Michael Kupfer ist ein durchschlagsstarker und doch lyrischer Wagnerbariton, der Rollen gestalten kann und dabei immer wortverständlich ist. Gerade in diesem vielschichtigen Liederzyklus ist dies von entscheidender Bedeutung. Hier gilt es den verschiedenen Leidenszuständen des verliebten Müllers vom Beginn seiner Wanderschaft bis zum Selbstmord Leben einzuhauchen. Jede Note ist bei Schubert wichtig, jede Tempowahl und Änderung der Lautstärke bedeutsam. Aber Michael Kupfer findet seinen Weg, der die Zuhörer bis zum letzten Ton in seinen Bann zieht.
Fazit
Erl hat sich mittlerweile auch im Winter als Festspielort etabliert. Man streitet nicht über Inszenierungen oder Sängerleistungen, sondern genießt die Musik und die Bayerisch-Tiroler Küche. Den einhelligen und heftigen Jubel des Publikums kann man als eindrucksvolle Zustimmung werten. Einzig Schneefall kann den Zuschauerstrom behindern.
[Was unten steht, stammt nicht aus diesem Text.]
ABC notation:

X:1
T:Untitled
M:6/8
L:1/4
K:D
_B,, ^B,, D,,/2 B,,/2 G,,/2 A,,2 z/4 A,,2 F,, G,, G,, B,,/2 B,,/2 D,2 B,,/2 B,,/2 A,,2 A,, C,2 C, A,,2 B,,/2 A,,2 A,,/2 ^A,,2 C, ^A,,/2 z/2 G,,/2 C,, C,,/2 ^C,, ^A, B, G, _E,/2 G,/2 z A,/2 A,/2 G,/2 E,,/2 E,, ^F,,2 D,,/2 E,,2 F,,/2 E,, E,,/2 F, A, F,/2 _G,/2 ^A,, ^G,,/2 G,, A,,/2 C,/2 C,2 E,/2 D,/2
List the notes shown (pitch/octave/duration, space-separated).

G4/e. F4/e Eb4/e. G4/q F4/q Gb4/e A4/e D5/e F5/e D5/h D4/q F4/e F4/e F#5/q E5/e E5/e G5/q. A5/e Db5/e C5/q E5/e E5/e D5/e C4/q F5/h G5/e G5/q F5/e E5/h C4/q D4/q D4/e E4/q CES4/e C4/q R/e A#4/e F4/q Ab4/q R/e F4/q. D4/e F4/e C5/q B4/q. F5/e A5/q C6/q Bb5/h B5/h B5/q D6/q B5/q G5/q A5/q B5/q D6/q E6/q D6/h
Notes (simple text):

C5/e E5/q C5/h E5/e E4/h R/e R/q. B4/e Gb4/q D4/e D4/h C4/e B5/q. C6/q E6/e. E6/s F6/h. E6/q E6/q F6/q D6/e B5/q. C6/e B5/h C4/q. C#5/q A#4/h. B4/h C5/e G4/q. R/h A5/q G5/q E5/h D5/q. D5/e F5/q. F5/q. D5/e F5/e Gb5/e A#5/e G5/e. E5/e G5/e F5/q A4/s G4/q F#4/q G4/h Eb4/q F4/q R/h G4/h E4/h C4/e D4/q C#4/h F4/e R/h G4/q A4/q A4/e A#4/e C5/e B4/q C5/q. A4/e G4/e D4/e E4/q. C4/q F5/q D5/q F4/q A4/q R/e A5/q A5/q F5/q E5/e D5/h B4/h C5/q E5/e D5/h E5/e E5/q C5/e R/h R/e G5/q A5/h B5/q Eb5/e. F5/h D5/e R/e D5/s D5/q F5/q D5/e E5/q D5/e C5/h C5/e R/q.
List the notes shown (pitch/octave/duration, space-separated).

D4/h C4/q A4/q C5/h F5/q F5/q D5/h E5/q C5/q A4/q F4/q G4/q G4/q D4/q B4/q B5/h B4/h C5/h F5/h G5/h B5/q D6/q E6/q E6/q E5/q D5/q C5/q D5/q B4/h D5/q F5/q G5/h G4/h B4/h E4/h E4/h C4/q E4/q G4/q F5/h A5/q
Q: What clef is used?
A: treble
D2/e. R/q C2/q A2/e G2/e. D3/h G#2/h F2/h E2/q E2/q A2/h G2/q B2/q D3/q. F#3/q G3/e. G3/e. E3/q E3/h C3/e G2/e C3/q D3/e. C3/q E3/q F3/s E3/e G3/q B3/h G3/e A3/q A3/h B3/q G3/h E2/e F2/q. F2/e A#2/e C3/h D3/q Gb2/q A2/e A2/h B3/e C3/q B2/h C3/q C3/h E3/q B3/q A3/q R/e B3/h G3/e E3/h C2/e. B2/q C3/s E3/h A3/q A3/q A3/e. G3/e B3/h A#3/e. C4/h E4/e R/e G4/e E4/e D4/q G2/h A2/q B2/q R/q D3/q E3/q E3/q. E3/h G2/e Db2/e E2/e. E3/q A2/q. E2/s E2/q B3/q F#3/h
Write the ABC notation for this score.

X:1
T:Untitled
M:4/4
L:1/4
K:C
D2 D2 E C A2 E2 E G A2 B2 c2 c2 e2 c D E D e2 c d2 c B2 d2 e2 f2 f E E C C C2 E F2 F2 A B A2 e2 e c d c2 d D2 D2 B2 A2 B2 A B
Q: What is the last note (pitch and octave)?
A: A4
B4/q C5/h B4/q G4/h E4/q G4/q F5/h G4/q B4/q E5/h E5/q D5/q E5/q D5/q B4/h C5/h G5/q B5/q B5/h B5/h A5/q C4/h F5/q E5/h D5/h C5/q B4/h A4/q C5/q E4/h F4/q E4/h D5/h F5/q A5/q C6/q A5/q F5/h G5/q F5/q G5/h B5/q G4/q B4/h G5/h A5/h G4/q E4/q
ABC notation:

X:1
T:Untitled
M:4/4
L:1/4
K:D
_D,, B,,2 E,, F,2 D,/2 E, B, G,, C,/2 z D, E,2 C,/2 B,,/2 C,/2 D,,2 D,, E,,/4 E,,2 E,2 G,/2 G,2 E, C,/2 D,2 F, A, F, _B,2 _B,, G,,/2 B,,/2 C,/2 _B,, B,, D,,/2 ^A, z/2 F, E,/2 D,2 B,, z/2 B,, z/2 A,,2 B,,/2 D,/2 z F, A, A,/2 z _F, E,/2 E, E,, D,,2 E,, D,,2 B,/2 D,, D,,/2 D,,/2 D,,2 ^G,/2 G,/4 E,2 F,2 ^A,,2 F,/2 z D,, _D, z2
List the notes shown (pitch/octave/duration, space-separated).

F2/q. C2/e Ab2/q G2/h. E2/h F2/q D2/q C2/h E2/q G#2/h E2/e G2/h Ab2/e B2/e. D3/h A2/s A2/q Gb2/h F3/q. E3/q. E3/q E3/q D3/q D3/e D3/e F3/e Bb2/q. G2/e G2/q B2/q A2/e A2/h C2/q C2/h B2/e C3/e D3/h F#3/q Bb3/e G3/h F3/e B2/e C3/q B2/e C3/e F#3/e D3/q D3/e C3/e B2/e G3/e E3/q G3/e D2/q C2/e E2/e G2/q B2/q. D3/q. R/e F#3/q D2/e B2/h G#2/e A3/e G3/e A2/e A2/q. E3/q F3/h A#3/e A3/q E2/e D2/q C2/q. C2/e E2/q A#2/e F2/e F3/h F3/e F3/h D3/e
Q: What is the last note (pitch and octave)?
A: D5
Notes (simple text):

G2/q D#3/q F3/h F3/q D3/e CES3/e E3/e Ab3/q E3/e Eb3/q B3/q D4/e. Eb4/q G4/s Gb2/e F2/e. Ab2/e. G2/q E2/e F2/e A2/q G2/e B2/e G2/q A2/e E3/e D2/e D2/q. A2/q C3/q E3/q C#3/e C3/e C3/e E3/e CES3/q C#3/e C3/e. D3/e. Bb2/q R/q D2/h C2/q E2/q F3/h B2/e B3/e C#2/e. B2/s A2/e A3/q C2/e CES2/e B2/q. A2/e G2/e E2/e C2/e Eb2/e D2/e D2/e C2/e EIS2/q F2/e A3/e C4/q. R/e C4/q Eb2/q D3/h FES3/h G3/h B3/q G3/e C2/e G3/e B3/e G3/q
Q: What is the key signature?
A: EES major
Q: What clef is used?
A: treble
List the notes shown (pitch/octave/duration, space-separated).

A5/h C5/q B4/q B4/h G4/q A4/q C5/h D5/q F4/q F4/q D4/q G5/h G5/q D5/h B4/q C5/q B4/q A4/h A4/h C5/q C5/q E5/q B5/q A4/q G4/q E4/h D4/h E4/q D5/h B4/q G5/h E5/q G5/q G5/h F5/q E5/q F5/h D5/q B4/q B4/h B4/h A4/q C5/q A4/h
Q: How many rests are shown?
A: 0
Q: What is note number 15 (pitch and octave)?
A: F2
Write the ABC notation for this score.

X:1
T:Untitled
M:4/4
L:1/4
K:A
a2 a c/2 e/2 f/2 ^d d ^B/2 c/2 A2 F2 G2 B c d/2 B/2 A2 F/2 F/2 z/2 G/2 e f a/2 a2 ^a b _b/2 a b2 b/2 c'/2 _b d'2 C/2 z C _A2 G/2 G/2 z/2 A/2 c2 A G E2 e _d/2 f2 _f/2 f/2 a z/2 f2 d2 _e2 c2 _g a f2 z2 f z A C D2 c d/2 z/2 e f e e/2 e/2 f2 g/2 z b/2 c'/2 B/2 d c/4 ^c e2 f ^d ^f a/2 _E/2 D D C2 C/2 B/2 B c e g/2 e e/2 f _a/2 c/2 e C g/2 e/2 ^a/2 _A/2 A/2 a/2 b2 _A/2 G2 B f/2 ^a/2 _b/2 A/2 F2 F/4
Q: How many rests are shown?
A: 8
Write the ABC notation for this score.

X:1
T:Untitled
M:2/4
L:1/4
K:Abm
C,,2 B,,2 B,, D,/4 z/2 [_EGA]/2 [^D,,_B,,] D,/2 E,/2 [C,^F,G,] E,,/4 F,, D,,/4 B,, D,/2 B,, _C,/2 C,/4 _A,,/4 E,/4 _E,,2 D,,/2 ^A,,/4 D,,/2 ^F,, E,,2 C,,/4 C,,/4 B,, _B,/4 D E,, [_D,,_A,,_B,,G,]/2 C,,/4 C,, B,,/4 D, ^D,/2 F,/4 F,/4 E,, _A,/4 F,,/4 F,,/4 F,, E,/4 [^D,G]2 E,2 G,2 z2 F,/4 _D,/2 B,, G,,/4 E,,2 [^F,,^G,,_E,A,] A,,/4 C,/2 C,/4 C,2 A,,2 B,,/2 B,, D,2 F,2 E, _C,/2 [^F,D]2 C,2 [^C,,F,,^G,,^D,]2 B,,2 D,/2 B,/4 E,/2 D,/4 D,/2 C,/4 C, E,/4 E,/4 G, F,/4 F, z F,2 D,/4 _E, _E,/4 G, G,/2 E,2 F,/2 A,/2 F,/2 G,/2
Im kommenden Sommer hingegen mit dem Schwerpunkt auf Wagners Ring des Nibelungen gibt es kein Halten: Die beiden Zyklen sind schon jetzt fast vollständig ausverkauft.
Oliver Hohlbach
Bild: APA/Tiroler Festspiele Erl
Das Bild zeigt: Anna Princeva (Fiordiligi), Aurora Faggioli (Dorabella), Michael Kupfer (Guglielmo), Ferdinand von Bothmer (Ferrando) (Così fan tutte)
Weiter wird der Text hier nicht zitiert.